= Budda Vengal Reddy =

Indian philanthropist

Budda Vengal Reddy (30 May 1822 – 31 December 1900) was an Indian philanthropist during British rule, who saved thousands of people from death due to starvation. Queen Victoria of the British empire recognized his philanthropy and presented a gold medal to him.

==Early life==
Budda Vengal Reddy was born on 30 May 1822 at Uyyalawada village, located in present day Kurnool District which is on the banks of Kundu River.

==Philanthropy==
Vengal Reddy was known for his generosity. During the great famine of 1866, called "Kshaya famine" because it occurred during the year called "Kshaya" (as per the Telugu calendar), he donated all his grain, 140,000 kilograms, to prepare food and feed the poor and hungry. When he ran out of his grain stock, he borrowed from other wealthy landlords and continued the feeding. Every day, he provided gruel for more than 16,000 people.

==Recognition from Queen Victoria==
Queen Victoria recognized his philanthropy and presented a gold medal to Vengal Reddy.
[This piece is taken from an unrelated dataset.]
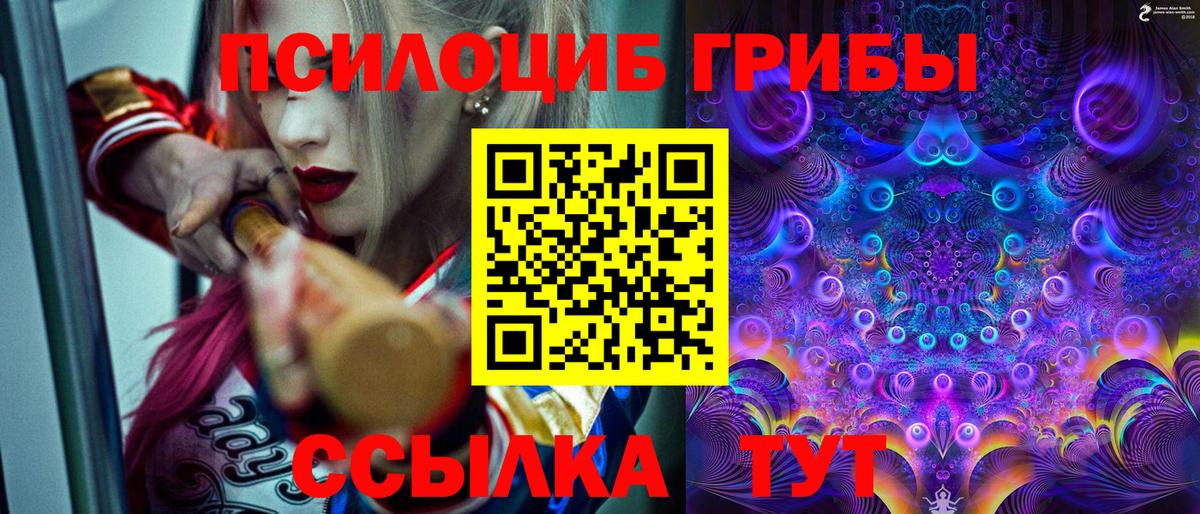 Псилоцибиновые грибы Cubensis  Вход с VPN  Лесной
This medal is still in the family of Vengal Reddy. He was also made a Member of Provincial Jury and Honorary Member of Madras Governor's Council.

==Sun and Moon of Renadu==
Both Budda Vengal Reddy and Uyyalawada Narasimha Reddy hailed from the same village, Uyyalawada. They are popularly known as "Sun and Moon of Renadu". Narasimha Reddy is considered the sun and Vengal Reddy the moon.

==Memorial Committee for The Sun and Moon of Renadu==
A committee (Renati Surya Chandrula Smaraka Samithi) was formed to preserve the memory of two great leaders of that time (Uyyalawada Narasimha Reddy and the Philanthropist Budda Vengal Reddy, both of whom were born in Uyyalawada village). Sri Pocha Brahmananda Reddy is the founding president of this committee.

A book (both in Telugu and English languages) titled "Renati Surya Chandrulu" (The Sun and Moon of Renadu) was published by this committee in 2015 (5th Edition of Telugu version was published on 22-Feb-2016). It contains the excerpts from research papers by eminent historians

Budda Vengala Reddy died on 31 December 1900.